A document examiner's erroneous handwriting analysis 14 years ago delayed authorities in linking millionaire Robert Durst to a friend's death until after he was accused of killing someone else, according to a search warrant.

Durst, a member of a wealthy New York real estate family, was arrested in New Orleans over the weekend and charged with murder in California for the December 2000 shooting death of Susan Berman. Durst's arrest came shortly before the finale of an HBO series about his links to three killings — that of his first wife, who disappeared in New York in 1982; Berman, the daughter a mobster and a close friend who acted as his spokeswoman after his wife disappeared; and a 71-year-old neighbor in Texas whose chopped up body was found floating in Galveston Bay in 2001. Durst has only ever been tried for the Texas killing, and he was acquitted of murder.

Authorities on Tuesday searched Durst's Houston home, and the warrant released Wednesday details the timeline of the Berman case.

It shows that police focused in on Durst's handwriting early on after a note received by police tipped them to Berman's death. The envelope and note, written in block letters, misspelled "Beverley Hills Police" and included the word "cadaver" along with Berman's Beverly Hills address.

In 2001, Los Angeles Police Department document examiner William Leaver concluded it was "highly probable" that the envelope and note were written by Nyle Brenner, Berman's manager and friend. The assessment was "rubber stamped" by Leaver's supervisor, who told detectives this past September that she had not performed her own technical review.

Investigators had not initially analyzed examples of Durst's handwriting, and it wasn't until eight months later that a comparison was made to Durst's limited sample writings. Leaver said "similarities" were enough to request more exemplar writings, which police eventually obtained.

In June 2003, Leaver concluded the handwriting was likely Durst's. By then, Durst had been charged in Texas with murder for the death and dismemberment of Morris Black.

The conflicting assessments meant valuable time lost.

Eventually, the envelope, letter and writing samples were sent to the California Department of Justice and an investigator determined Durst as "probably the author of the cadaver letter and note."

The Los Angeles case went dormant and wasn't revived until 2012, when law enforcement learned of the HBO documentary. The filmmakers say they shared tape with police months ago of interviews with Durst, including his reactions to handwriting analysis and what appears to be a confession to Berman's killing.

In October and November, the LAPD had two independent examiners analyze the documents and both concluded Durst was the author.

The LAPD has declined comment until Durst is in its custody.

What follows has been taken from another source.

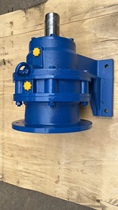 Cycloidal needle wheel reducer :XWD4-11-17-23-29-35-43-59-71-87-2 2KW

He's being held in Louisiana on gun charges.

Durst's attorney, Dick DeGuerin, said the conflicting determinations on the handwriting "shows you what junk science really is." He also questioned what evidence police expected to find in Durst's Houston home.

Durst himself may have pointed to the home, in a recording made while talking to himself after a tense interview with the makers of the six-part HBO documentary "The Jinx: The Life and Deaths of Robert Durst," which concluded Sunday. Just before saying he "killed them all," he says, "I don't know what's in the house!"

The search warrant affidavit showed authorities were concerned Durst, who has an estimated net worth of $100 million, might be preparing to flee the country. He had withdrawn large sums of money from multiple bank accounts, including daily amounts of $9,000 for 35 days starting in October.

Durst was under FBI surveillance, and agents arrested him in a New Orleans hotel under the name "Everette Ward," finding nearly $43,000 in cash, a gun and a rubber mask that could cover his head and neck in his room, the affidavit says.

A law enforcement official with knowledge of the investigation told The Associated Press Wednesday that it was a kind of "old man mask" and investigators were looking at whether he had been using it to travel around. The official spoke on condition of anonymity because the person wasn't authorized to speak publicly about the ongoing investigation.

Durst could face the death penalty if convicted of killing Berman.